My name is Sumedha and I am a current high school senior in Maryland. Though I do not have peripheral neuropathy (PN) and do not know of anyone in my personal life who does, I am driven by a desire to understand and help those who are personally affected with this debilitating condition, using my research experience to do so.
I first started researching peripheral neuropathy as a sophomore in high school. Through my enrollment in Independent Research, a course that allowed me to choose any topic that I found interesting and learn about it throughout the year, I first discovered PN. More specifically, I discovered chemotherapy-induced peripheral neuropathy, a resultant of neurotoxic chemotherapy drugs. Not only did the large number of people affected by PN surprise me but the fact that the pain could last for so long appalled me. Before learning about chemotherapy-induced PN, I had never known of the negative side effects of chemotherapy beyond the known hair loss, fatigue, and loss of appetite, more visible to the world than this internal condition. I felt compelled to continue learning about PN from then on.
A couple of weeks after I began my research into PN, I started noticing a common treatment that always came up in all of the scholarly journals and articles I was consulting: exercise. At first, I found this confusing.

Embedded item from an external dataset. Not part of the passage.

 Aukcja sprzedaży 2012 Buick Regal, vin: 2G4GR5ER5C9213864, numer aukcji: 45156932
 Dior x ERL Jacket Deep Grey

I wondered how could an activity so commonplace as exercising, one that I regularly did myself as a healthy individual, treat a nerve condition? But as I looked more into the treatment option, I became even more engrossed with the idea. I learned about the various mechanisms by which exercise can treat PN and became interested in exploring the potential of this novel treatment as I researched.

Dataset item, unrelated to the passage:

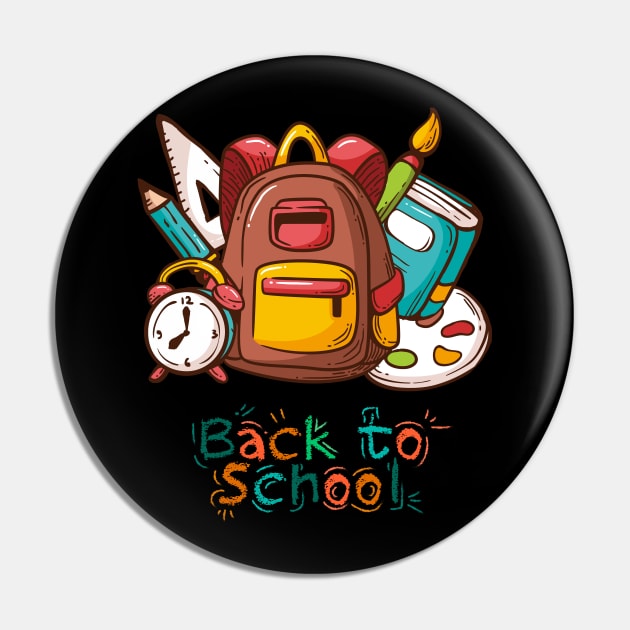 Welcome Back To School TShirt Funny Teacher Love gift TShirt Pin by Trendy_Designs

I was able to do so through my various summer and school year internships. Beyond my Independent Research course, I was motivated to continue my journey with PN and make an impact on the scientific community, one that introduced me to the condition in the first place. I was able to extend my research into a lab setting in Johns Hopkins University and the University of Maryland, learning more in depth about possible treatments and how symptoms present, as seen in transgenic mice. Beyond my lab experience, I also wrote a manuscript on the effect of exercise for breast cancer patients receiving taxane chemotherapy who developed PN, collaborating with Dr. Grace Kanzawa-Lee from the University of Michigan and Dr. David Mizrahi from The Daffodil Centre, The University of Sydney in the process. My manuscript was the first of its kind, as the effect of exercise on taxane-induced peripheral neuropathy was a novel field up to that point.

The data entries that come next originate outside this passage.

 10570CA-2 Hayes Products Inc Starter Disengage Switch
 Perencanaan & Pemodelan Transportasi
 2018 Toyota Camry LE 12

Why I Joined the Foundation
All of the research I had done led me to joining the Foundation for Peripheral Neuropathy, a way of helping PN patients directly. Cataloging information of nationwide PN doctors, both in big cities and rural areas, and advocating to my local Congress leaders to increase the amount allocated to PN research funding has allowed me to take my PN research experience into the real world and help patients on their journey of getting support. I look forward to continue working with the Foundation and furthering the progress already made in getting PN support to all those in need.
As I move on to college and beyond, I will continue to involve myself in the PN field, exploring treatment options that may turn out to be lasting cures!